Re: [PATCH v4 00/14] mpt3sas driver NVMe support:

2017-09-25 Thread Martin K. Petersen

Hi Suganath,

> Also, Making all PRP buffer may or may not need FW changes (assuming
> it is possible.), we may end up into multiple FW version check.

I don't understand how submitting an I/O that is guaranteed to honor the
constraints of the target NVMe drive could possibly cause problems for
the controller firmware. Quite the contrary, it's the best case
scenario.

> Since this is main IO path and current driver is following H/W
> limitation, we should avoid any changes in this area until and unless
> change is universal acceptable in FW (for all type of work load).

This is why you need to involve the Linux community early in the design
process and not when your implementation is complete.

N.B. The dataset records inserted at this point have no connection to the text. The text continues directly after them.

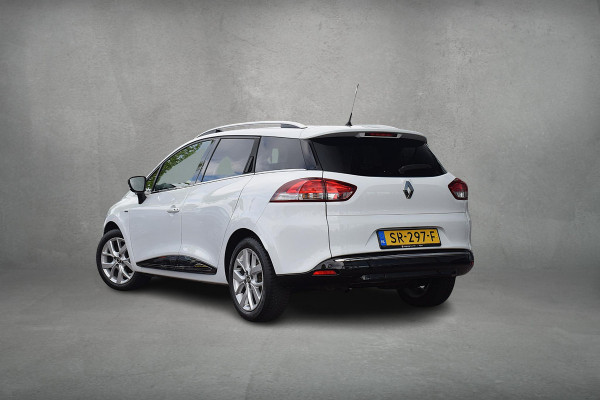 Renault Clio 0.9 TCe Limited | Navi | Airco | 16" velgen |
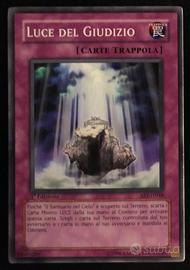 Yugioh Luce del Giudizio AST IT048 Comune 1ª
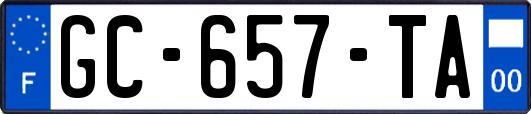 GC-657-TA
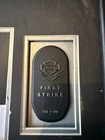 Harley-Davidson LiveWire First Strike Medallion 232/500 w/ COA Framed Display — photo 4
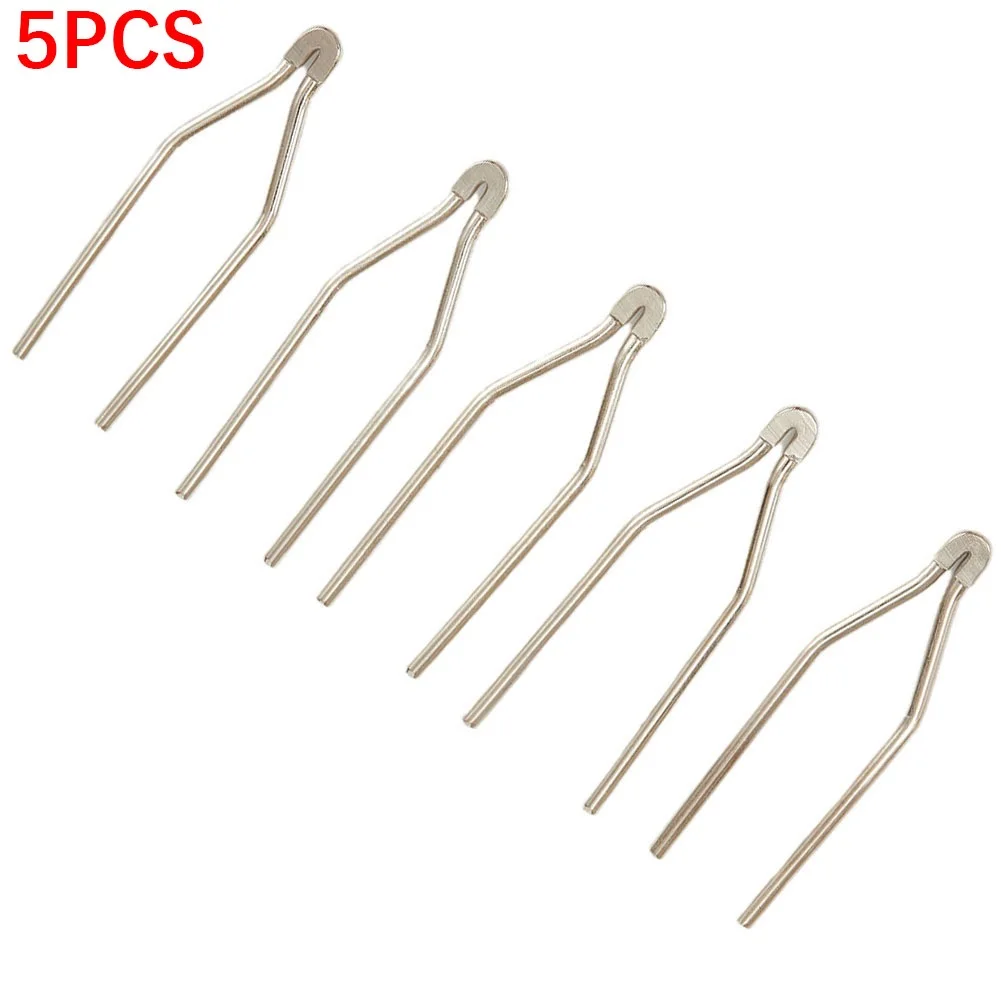 1/5/10PCS Soldering Iron Tip For Electric Welding Gun Tool Replacement Manual Automatic Tin Gun Soldering Iron Tips Power Tools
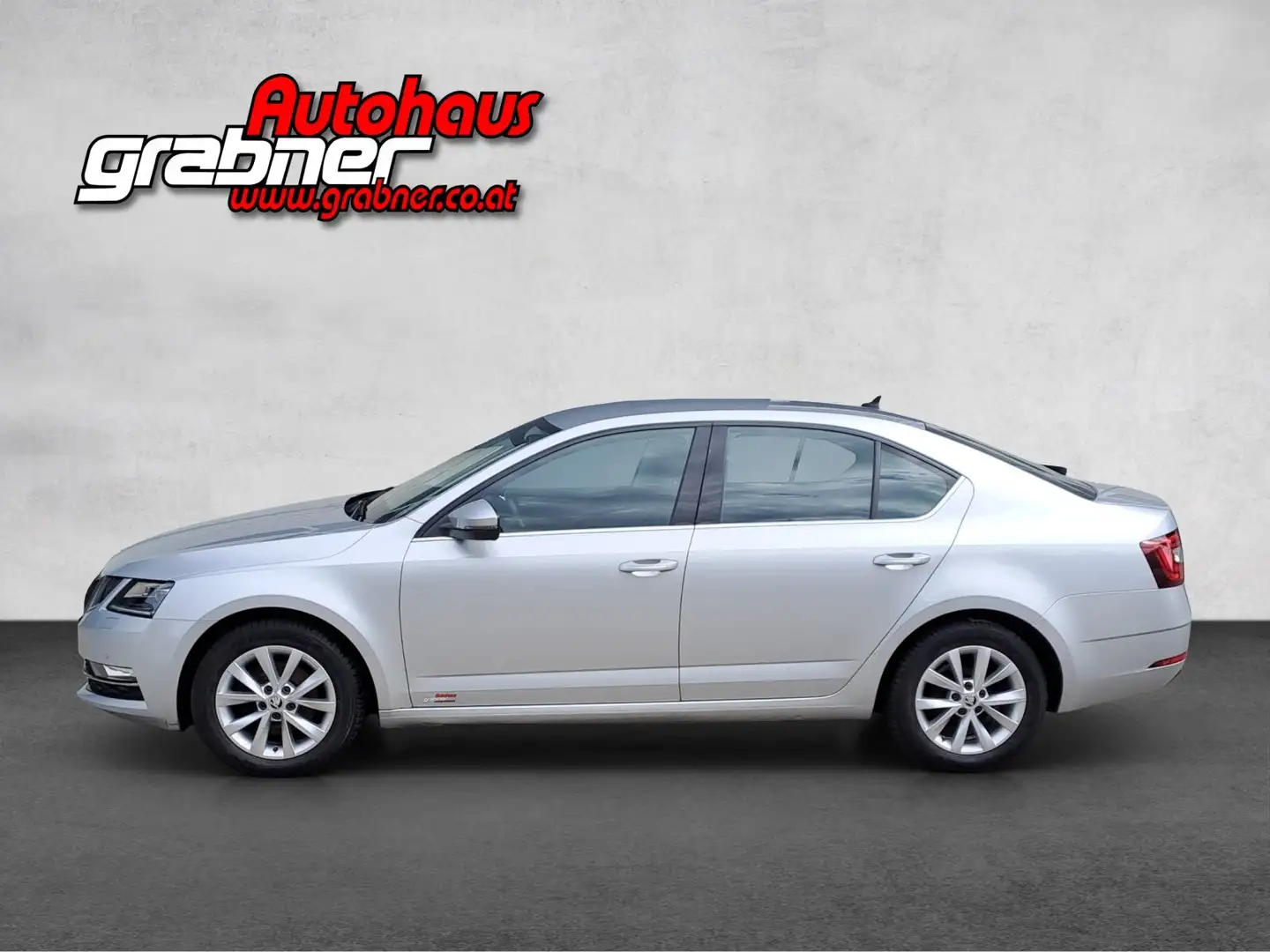 Skoda Octavia Style Grau - 2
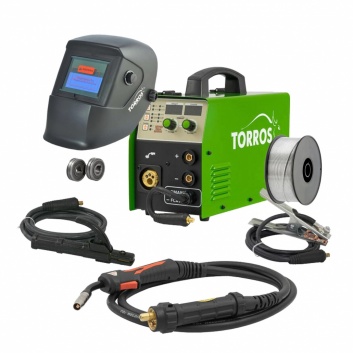 TORROS MIG-180 SUPER (M1801) komplekts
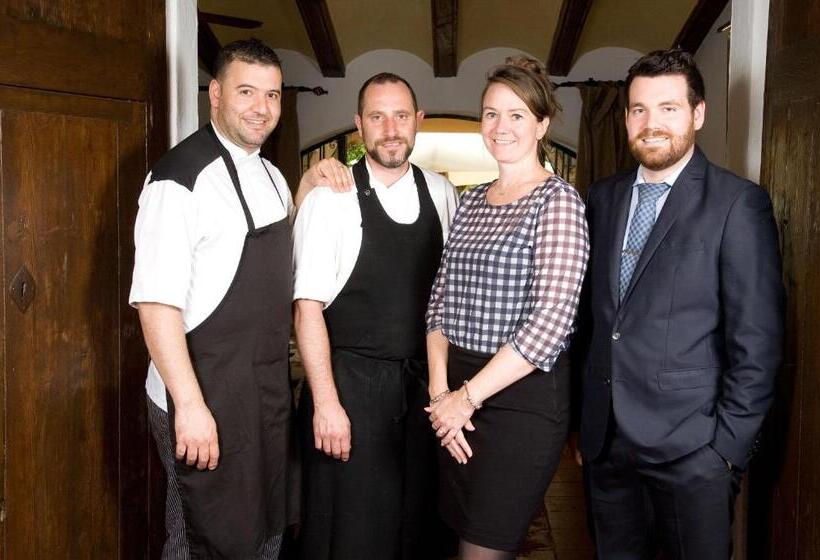 בית מלון כפרי Casa Del Maco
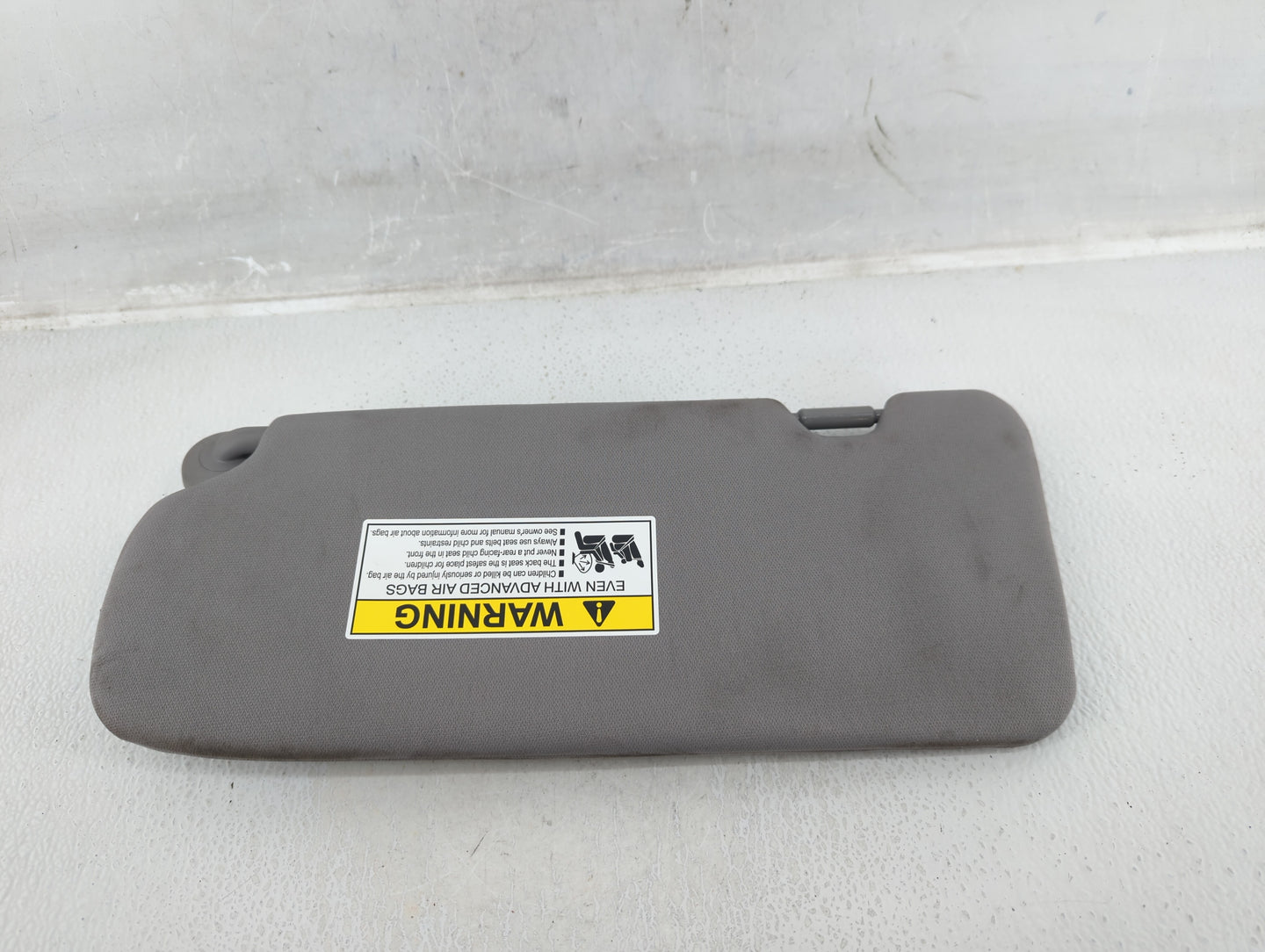 2020-2022 Honda Cr-V Sun Visor Shade Replacement Passenger Right Mirror Fits Fits 2020 2021 2022 OEM Used Auto Parts - Oemus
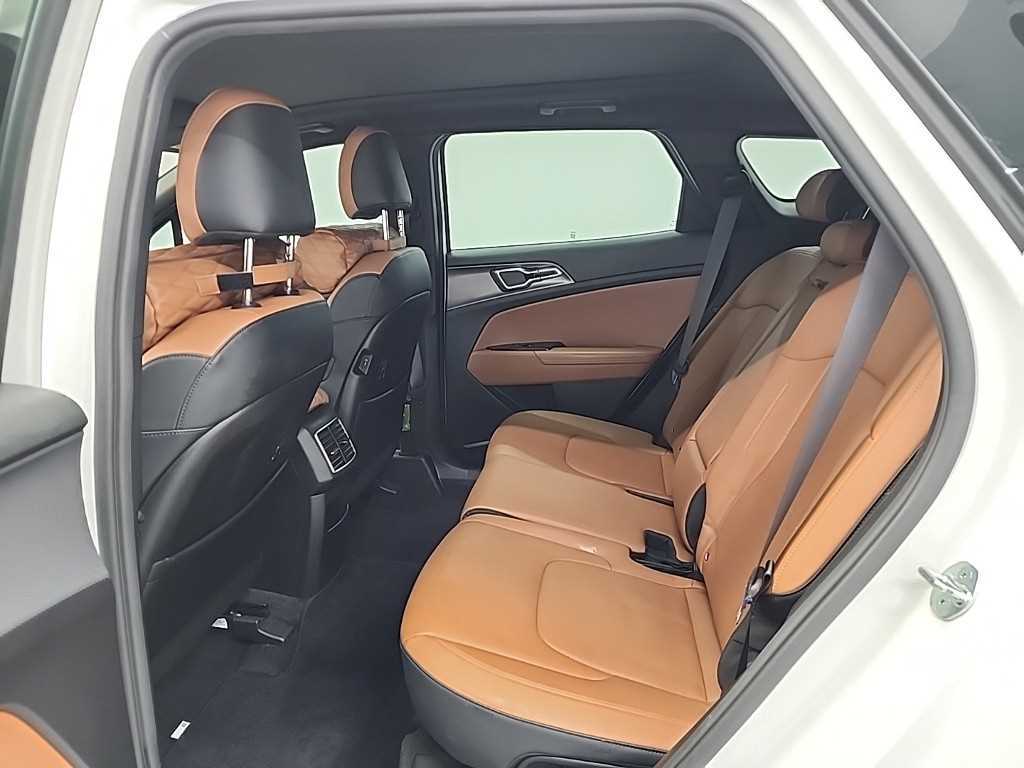 KIA Sportage - Vista 12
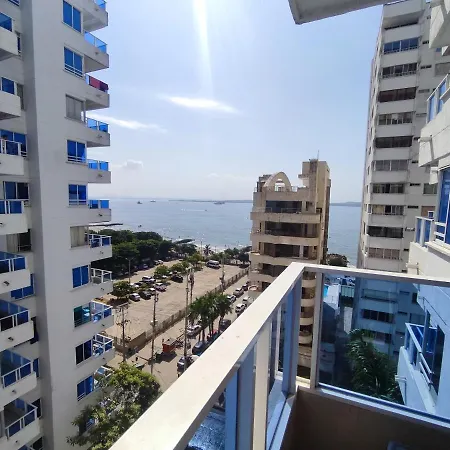 Apartamento Con Vista - Piso 8 Appartamento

We could have told you right away what the correct approach would be for
your Linux driver. And that said approach works for products from other
vendors so we see no compelling reason to deviate from it.

As evidenced by Broadcom disowning the legacy mpt and megaraid drivers,
I will be stuck maintaining this mpt3sas code for a decade or more. Long
after Broadcom has ended official support and moved on to different
ASICs and programming interfaces. Consequently, I am very heavily biased
towards solutions that leverage the shared interfaces provided by the
kernel and that don't have special cases and workarounds inside the
driver.

-- 
Martin K. Petersen  Oracle Linux Engineering


Re: [PATCH v4 00/14] mpt3sas driver NVMe support:

2017-09-18 Thread Suganath Prabu Subramani
Hi Martin,

On Fri, Sep 15, 2017 at 6:37 AM, Martin K. Petersen
 wrote:
>
> Suganath,
>
>> Is there any update on the submitted mpt3sas patches.
>
> We are waiting for you to report back your findings on PRP vs. SGL.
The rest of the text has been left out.